Though there are no public statements from him, his appointment as advisor to the ministry of information and broadcasting has put him plumb in the centre of the current controversy over implementing the conditional access system. And given the influence he has come to wield in the PMO, it will be his view that bids fair to determine the fate of this issue.
As yet, it's hard to fathom his thinking. His sympathies are said to lie neither with the multi-system operators, nor cable operators nor broadcasters. "I am the government. If you don't do what you promise to do, we have ways of making you do it," he is reported to have told a representative of Murdoch.
Kulkarni's life seems to have had three beginnings. It is unusual enough for a BTech from Indina Institute of Technology, Bombay in 1980 to become a journalist. But more unusually, he was associated with two publications owned by Rusi Karanjia -- the Daily and Blitz -- that were radical chic in their outlook.
Kulkarni's colleagues from those days remember him as courteous and soft-spoken who had read Marx and Lenin well enough to internalise their lessons. When the star writer and USP of Blitz, Khwaja Ahmad Abbas, died, his column called The Last Page was given over to Kulkarni. His writings of the time are full of emotion and passion.
In the early 1990s, L K Advani came to Mumbai. At a press conference he said he had no problems with intellectual disagreement. It was misrepresentation of his views that upset him. "I have for instance, read Sudheendraji's article today. It is not favourable to us, but I liked what he wrote. It was provocative," Advani said. For Kulkarni, this was a second beginning.
The third beginning proved to be a false start. For someone so committed to socialism, it was hard to join a corporate house. But going against the grain, he did, joining the Reliance-owned Observer of Business and Politics as an executive.
Suddenly Kulkarni, better known for his signature un-ironed clothes and wild hair, went in for an image change. At some point, he also worked for the Hindujas. It was not a phase that lasted long.

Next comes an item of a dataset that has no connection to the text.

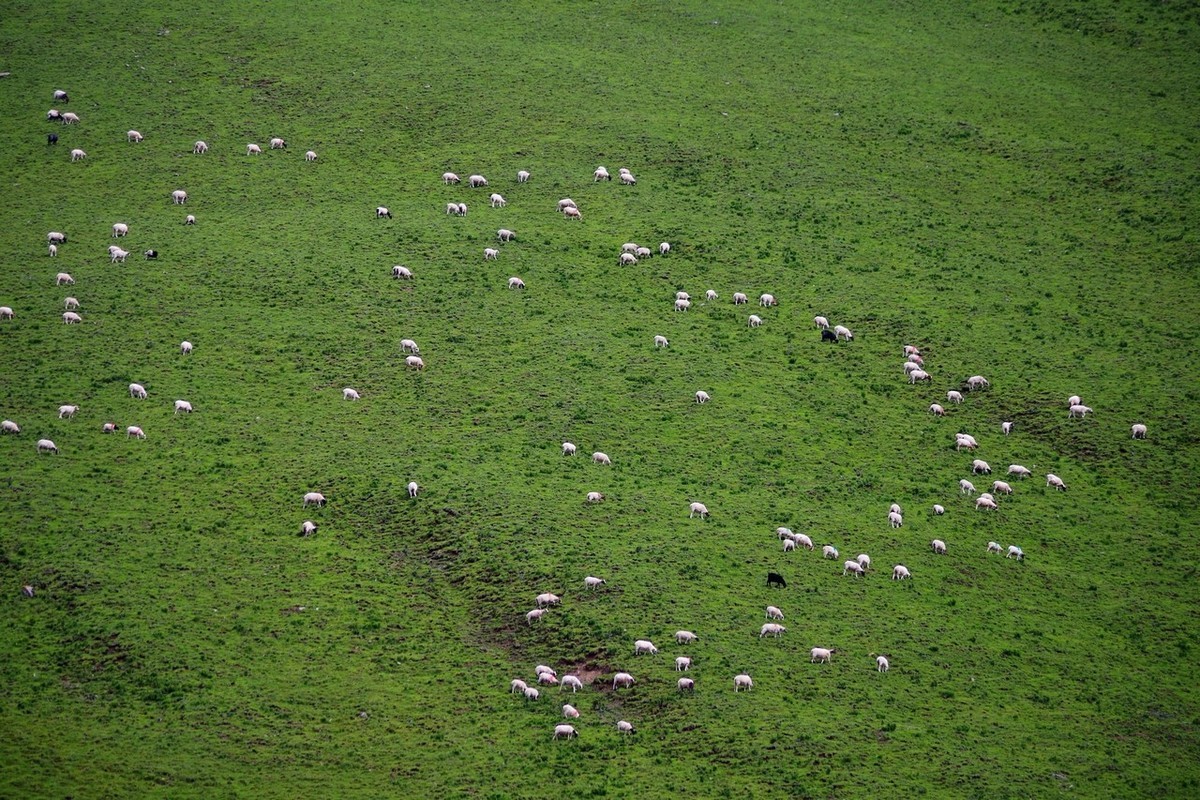 怀念宾得的色彩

At the time the CPI (M)'s bullock cart was going nowhere. But Advani's rath was going all over the place. This was the life he had craved. He organised all Advani's campaigns in Maharashtra stayed with the rath, sometimes slept in it when he was too tired to go anywhere else.
When Advani woke up every morning, summaries of editorials, coverage, every printed word on the BJP was served to him with his tea. The BJP was, thus, able to fashion its public strategy even on the move.
Kukarni internalised the RSS's values and identified himself enough with the Sangh to write resolutions for meetings of the national executive.
Govindacharya's room in the BJP's Ashok Road office became his hang-out too.
It was, therefore, no surprise to anyone when he was made director (communications and research) in the PMO. Because Vajpayee was strict about not allowing bureaucrats to attend party meetings, Kulkarni found himself uniquely placed to represent the party's views in the PMO and take the PMO to the party.
Though he had been hired to write the prime minister's speeches, his involvement with people's causes grew. One speech, made three years ago at the Indian Labour Conference, stands out because it committed, in a fire and brimstone tone, the government to an irrevocable course of labour reform.
Many of his ideas have been co-opted officially by PMO. Linking the idea of India by roads through the Golden Quadrilateral was his idea that was fleshed out by others in PMO. The idea that crops should be insured to ensure a return to farmer even if they fail was sketched out by him.
Kulkarni has also been part of the government's task force on IT. He believes there can be resistance to power sector reforms, but there will never be resistance to IT because first-generation entrepreneurs have access to it to better their lives with talent and hard work.
He should know. Lateral entry into the Sangh doesn't usually take you very far. Kulkarni's rise, however, suggests that hard work can take you anywhere.